Abstract

Background and aim: Whole lung lavage (WLL) is an effective therapy for autoimmune pulmonary alveolar proteinosis (APAP). The aim of this study is to clarify the prognostic factors after WLL in APAP, especially focusing on serum biomarkers. Subjects and Methods: 21 patients had been treated by WLL (total 26 laveges) in our institution from 2001 to 2015, as our prospective consecutive cohort of PAP. We measured serum biomarkers levels (KL-6, SP-D, SP-A, CEA, CYFRA, anti GM-CSF autoantibody) before (baseline levels) and one month after WLL. We analyzed the baseline biomarkers and the % decline of each biomarker (baseline and one month after WLL), changes of disease severity score (DSS) defined by AaDO 2 , efficacy of WLL defined by improvement of DSS, and recurrence-free survival (RFS) afterwards.
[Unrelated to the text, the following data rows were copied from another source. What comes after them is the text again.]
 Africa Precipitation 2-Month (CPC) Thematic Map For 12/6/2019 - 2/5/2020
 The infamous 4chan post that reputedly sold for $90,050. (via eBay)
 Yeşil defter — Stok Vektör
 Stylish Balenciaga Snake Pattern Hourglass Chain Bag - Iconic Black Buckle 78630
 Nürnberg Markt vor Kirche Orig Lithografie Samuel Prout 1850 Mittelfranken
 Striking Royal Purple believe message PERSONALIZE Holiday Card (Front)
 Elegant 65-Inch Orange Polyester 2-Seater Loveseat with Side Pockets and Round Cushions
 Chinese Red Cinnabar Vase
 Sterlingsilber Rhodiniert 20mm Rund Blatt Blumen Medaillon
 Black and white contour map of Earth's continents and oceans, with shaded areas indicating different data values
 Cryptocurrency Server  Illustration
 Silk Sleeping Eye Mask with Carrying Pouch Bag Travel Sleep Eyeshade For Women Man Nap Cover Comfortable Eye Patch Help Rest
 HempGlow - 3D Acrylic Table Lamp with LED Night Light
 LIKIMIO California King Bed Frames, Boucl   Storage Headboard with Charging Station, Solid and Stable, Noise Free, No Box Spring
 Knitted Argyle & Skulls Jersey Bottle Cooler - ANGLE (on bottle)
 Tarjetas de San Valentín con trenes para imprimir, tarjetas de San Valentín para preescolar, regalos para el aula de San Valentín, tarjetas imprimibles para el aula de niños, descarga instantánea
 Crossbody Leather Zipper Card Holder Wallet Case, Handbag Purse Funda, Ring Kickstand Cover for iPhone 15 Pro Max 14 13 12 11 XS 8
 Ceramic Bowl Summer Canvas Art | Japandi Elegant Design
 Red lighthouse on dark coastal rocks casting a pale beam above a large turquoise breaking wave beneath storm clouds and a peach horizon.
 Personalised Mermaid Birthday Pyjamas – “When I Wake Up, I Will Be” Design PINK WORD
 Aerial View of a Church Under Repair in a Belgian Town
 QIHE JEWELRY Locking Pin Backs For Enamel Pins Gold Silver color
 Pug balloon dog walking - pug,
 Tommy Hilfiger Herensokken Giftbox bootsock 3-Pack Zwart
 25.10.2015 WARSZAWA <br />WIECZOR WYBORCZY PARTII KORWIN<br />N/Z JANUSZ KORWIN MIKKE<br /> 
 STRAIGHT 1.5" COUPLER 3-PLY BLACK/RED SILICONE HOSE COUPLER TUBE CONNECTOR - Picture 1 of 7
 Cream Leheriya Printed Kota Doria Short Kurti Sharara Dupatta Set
Recurrence was defined by additional treatment or admission after WLL. Result: Baseline characteristics (M/F; 14/7, median age; 51.9 y.o., median DSS; 3, median % FVC: 77.0%, and median %DLco: 44.4%) had no significant relationship with efficacy or RFS time. Efficacy of WLL was predicted by baseline SP-A levels, delta SP-D, SP-A, CEA and CYFRA (Logistic analysis: p=0.0461, 0.0276, 0.0151, 0.0012, and 0.0040, respectively). RFS time was significantly longer in the patients with larger delta of CEA (cut-off level: 44.4%) and CYFRA (cut-off level: 56.6%) than the patients with smaller delta of the each biomarker (p=0.0212, p=0.0477, respectively). Serum levels of KL-6 and anti GM-CSF antibody had no significant relationship with efficacy of WLL and RFS time. Conclusion: Delta biomarkers levels, especially CEA and CYFRA, can predict efficacy of WLL and recurrence of APAP after WLL.